Ok, make sense. According to the late discuss, I will include it in
next version.

> (And yes, I see the irony that vfio introduced driver_override and
> we've created variant drivers that require driver_override and now we
> want to prevent driver_overrides)
> 
> Jason, are you seeing any of this as well and do you have a better
> suggestion how we might address the issue?  Thanks,
> 
> Alex
Alex Williamson Feb. 28, 2024, 7:07 p.m. UTC | #8
On Mon, 26 Feb 2024 15:24:58 -0700
Alex Williamson <alex.williamson@redhat.com> wrote:

> On Mon, 26 Feb 2024 15:49:52 -0400
> Jason Gunthorpe <jgg@nvidia.com> wrote:
> 
> > On Mon, Feb 26, 2024 at 12:41:07PM -0700, Alex Williamson wrote:  
> > > On Mon, 26 Feb 2024 15:12:20 -0400
> > > libvirt recently implemented support for managed="yes" with variant
> > > drivers where it will find the best "vfio_pci" driver for a device
> > > using an algorithm like Max suggested, but in practice it's not clear
> > > how useful that will be considering devices likes CX7 require
> > > configuration before binding to the variant driver.  libvirt has no
> > > hooks to specify or perform configuration at that point.    
> > 
> > I don't think this is fully accurate (or at least not what was
> > intended), the VFIO device can be configured any time up until the VM
> > mlx5 driver reaches the device startup.
> > 
> > Is something preventing this? Did we accidentally cache the migratable
> > flag in vfio or something??  
> 
> I don't think so, I think this was just the policy we had decided
> relative to profiling VFs when they're created rather than providing a
> means to do it though a common vfio variant driver interface[1].

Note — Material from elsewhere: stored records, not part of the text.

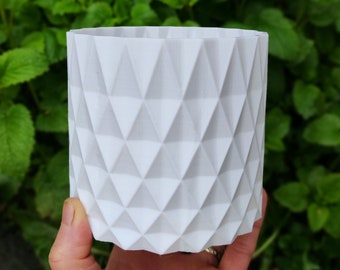 3D Printed Geometric Planter Pot: Eco-Friendly Home Decor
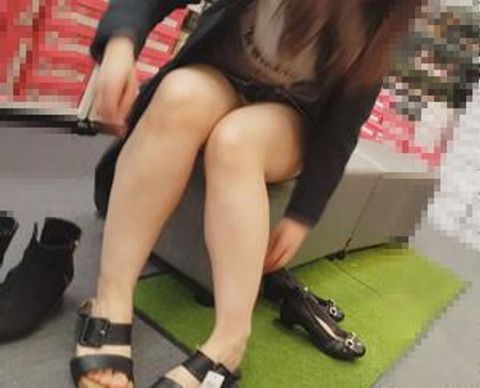 ムチムチ生脚*　靴試着パンチラ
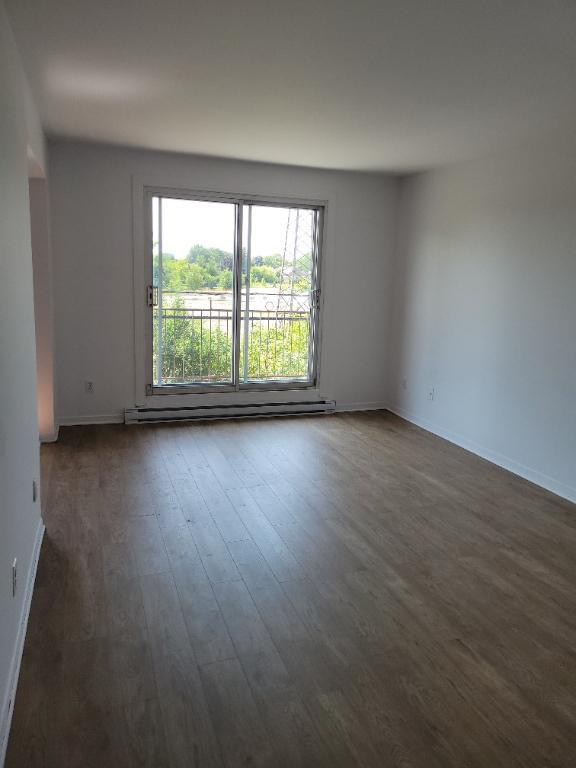 SUPERBE 41/2 Laval des rapides | 2987251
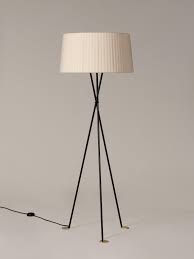 Vintage brass lamp for restoration or parts it's 3way switch and works 27 tall. Tripode Floor Lamps Santa Cole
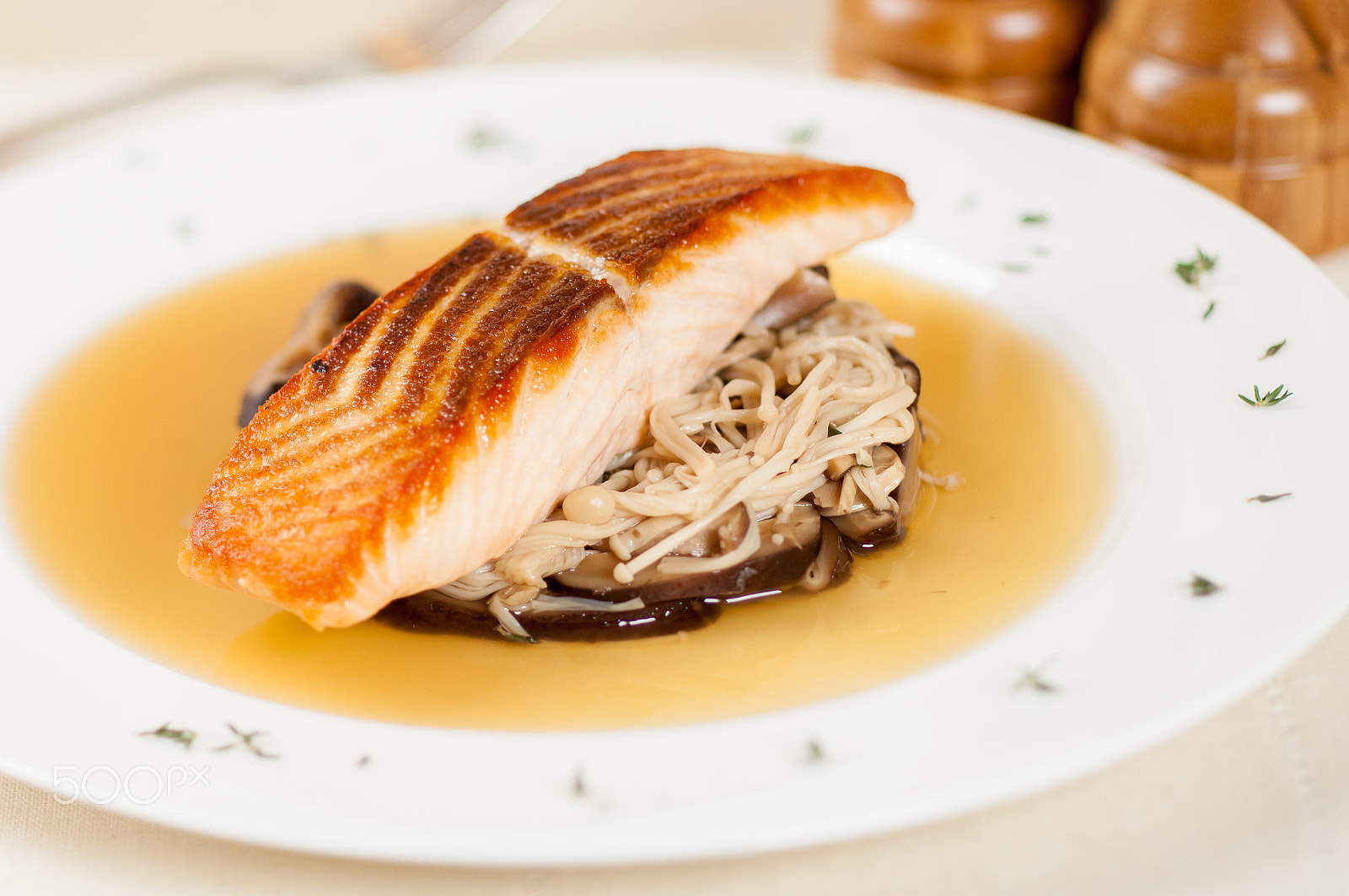 Nikon D2X + PC Micro-Nikkor 85mm f/2.8D sample photo. Crispy salmon with mushrooms photography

Turns out that yes, migration support needs to be established at probe
time.  vfio_pci_core_register_device() expects migration_flags,
mig_ops, and log_ops to all be established by this point, which for
mlx5-vfio-pci occurs when the .init function calls
mlx5vf_cmd_set_migratable().

So the VF does indeed need to be "profiled" to enabled migration prior
to binding to the mlx5-vfio-pci driver in order to report support.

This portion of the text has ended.